But I should imagine that Hull was a far bleaker place to live when Philip Larkin was University Librarian there. During the war Hull suffered the worst bombing raids outside London with 95% of its houses either damaged or destroyed.
Larkin’s poems – often bleak and disconcerting, though always technically brilliant – appeal to me. And I’m obviously not alone – in 2008 The Times named him as Britain’s greatest post-war poet. Many people are only familiar with ‘This be the verse’ – or a parody of it! But one of my favourites is currently Poem of the Month on the Larkin Society website. Try it and see what you think.

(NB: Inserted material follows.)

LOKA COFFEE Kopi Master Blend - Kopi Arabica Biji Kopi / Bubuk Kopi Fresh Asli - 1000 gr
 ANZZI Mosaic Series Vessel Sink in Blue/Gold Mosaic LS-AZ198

And if you fancy yourself as the next Larkin (though perhaps with a slightly less dysfunction love life) why not try The Writers Bureau Art of Writing Poetry Course. If you don’t know the difference between a Sestina and a Sonnet, a Rubai and a Rondel and you think iambic pentameters are something you feed to the cat, perhaps it’s just what you need. Or, if such technicalities aren’t for you, there’s plenty of useful information on crafting free verse, presenting your poetry to an audience and polishing your work to competition standard.
At least we get a couple of extra days over the weekend. If the weather warms up there’s lots of gardening on the cards for me. But whatever you do, enjoy your Easter break!